Diese etwas kuriose Geschichte ging ans Herz und ließ mich ein paar Male grinsen. Ab und an war es mir etwas zu kurios und wild, aber andererseits ist es genau dies, was die Geschichten von Mariana Leky ausmacht.
Leider war eine Beziehung für mich schwer greifbar und nachzuvollziehen. Wahrscheinlich liegt das daran, dass mir etwas Zärtlichkeit fehlte.
Insgesamt hat mir dieses Buch sehr gut gefallen. An "Was man von hier aus sehen kann" kommt es aber nicht ran.
"Die Herrenausstatterin" bekommt von mir 3,5 von 5 Sterne.
Mariana Leky erzählt auf originelle, lustige und zugleich einfühlsame Weise eine kuriose Geschichte, in der es vor allem um Verlust und Trauer geht.
Allerdings war das Buch für meinen Geschmack etwas zu grotesk.
Das war mein erstes Buch der Autorin und ich liebe ihren Schreibstil. Die Geschichte ist ziemlich bizarr und ich glaube, dass ich nicht alles verstanden habe, aber trotzdem ist es ein schönes Buch!
So viele Emotionen, so viele Gedanken, so viel Tiefe und so viel Witz. Der Schreibstil von Mariana Leky ist beeindruckend und ihre Metaphern zeigen ihre Wirkung. Die Tränen sind definitiv geflossen, ebenso musste ich aber auch lachen. Ich bin sehr froh auf dieses Buch gestoßen zu sein!
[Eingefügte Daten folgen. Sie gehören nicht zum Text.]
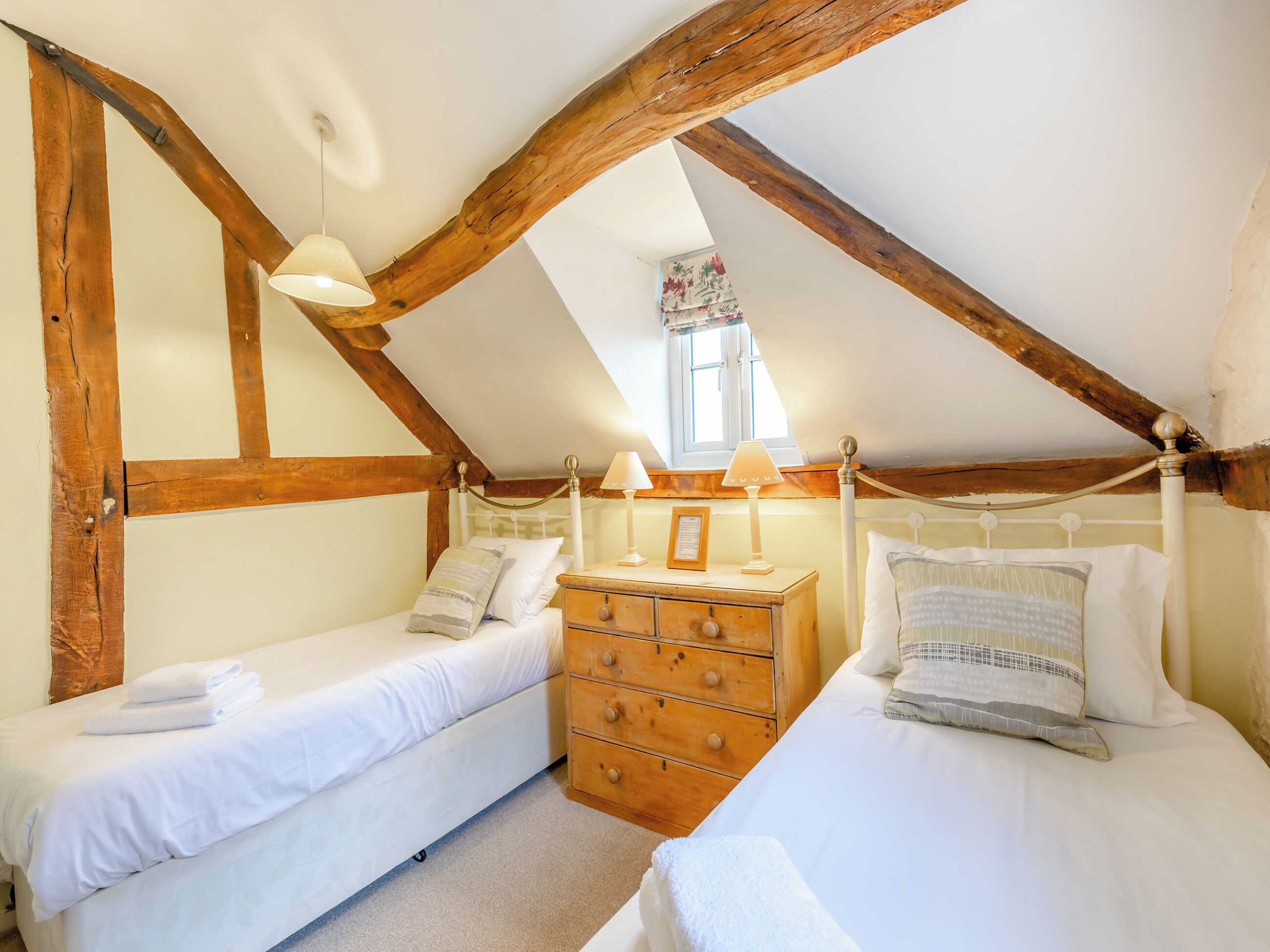 Une chambre avec deux lits simples, des têtes de lit en bois, une commode en bois et une fenêtre donnant sur l’extérieur.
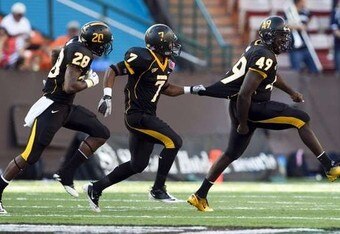 Southernmissgoldeneaglesplayersfromleftjacoriuscottondesmondjohnsonandcordarrolawcelebrateafourthdownstopofthenevadawolfpackduringthe2011hawaiibowlatalohastadium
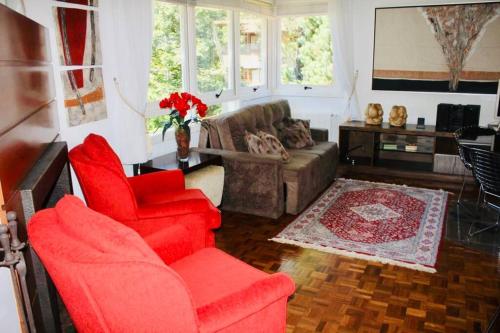 a living room with red chairs and a couch at No Centro de Gramado bem pertinho do Natal Luz 77 in Gramado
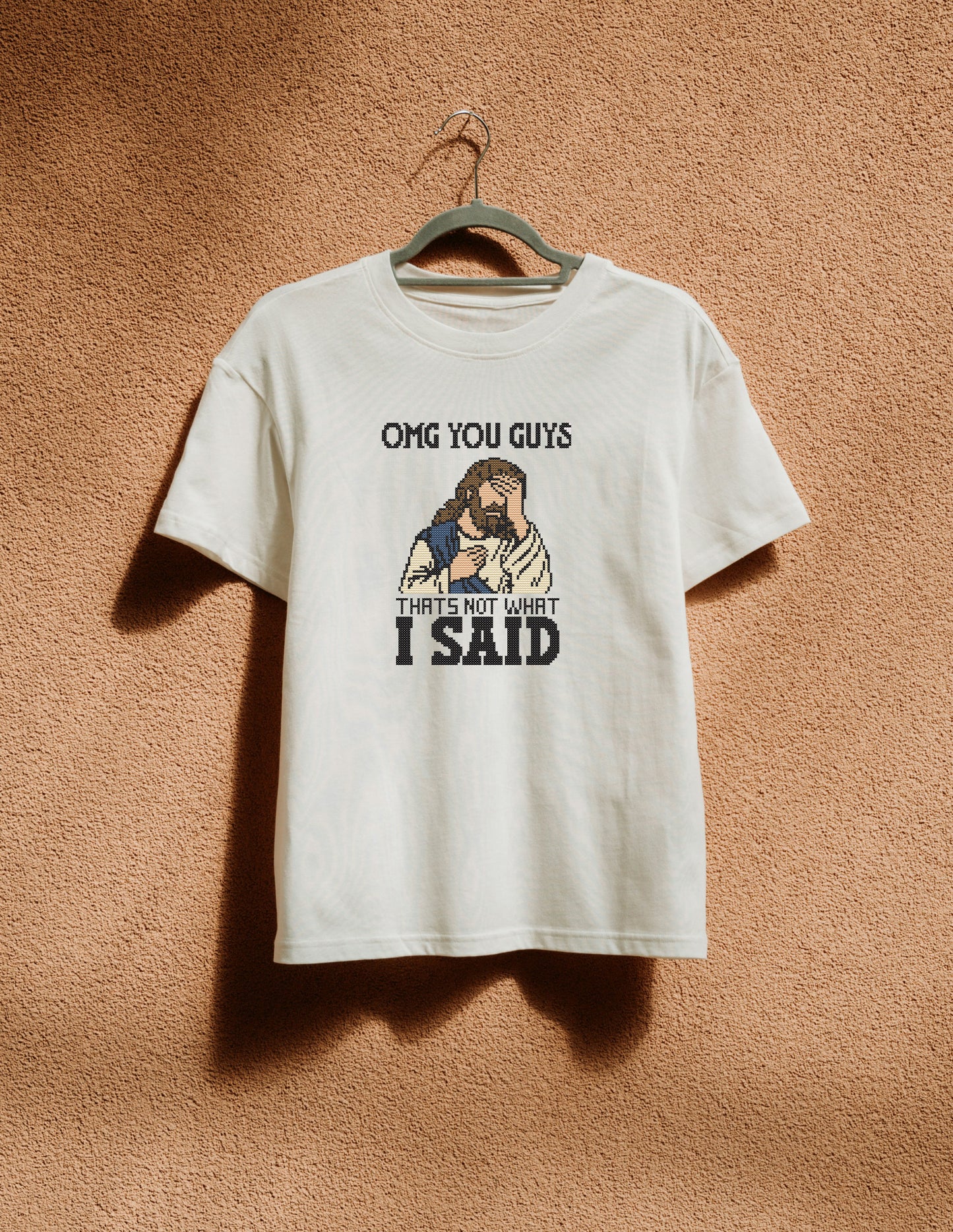 White t-shirt with graphic design and text on a beige background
Wunderschön traurige und gleichzeitig Hoffnung machende Geschichte von der wunderbaren Mariana Leky, deren unnachahmlichen Schreibweise mich mal wieder gefesselt hat.
Mariana Leky hat einen ganz besonderen wunderschönen Schreibstil, der die Gefühlswelt ihrer Protagonist:innen auf ganz besondere Weise beschreibt.
In Summe hat mich der Schreibstil auch gut durch das Buch getragen, das erste Kapitel hat mich gut unterhalten, dann wurde es leider etwas langwierig. Zudem blieb mir die Protagonistin Katja sehr fern, da sie sehr gefühlstaub erscheint, einfach zu viel mit sich machen lässt von anderen Menschen und sie in Summe ein sehr passiver Mensch zu sein scheint. Blank, ihr imaginärer Nachbar, der sie nach dem Tod ihres Mannes wieder ins Leben bringt, ist der Sympathieträger in dieser Geschichte. Das Ende hat mir wieder gut gefallen.
Es war mein 2. Buch der Autorin, weitere werden es definitiv noch werden.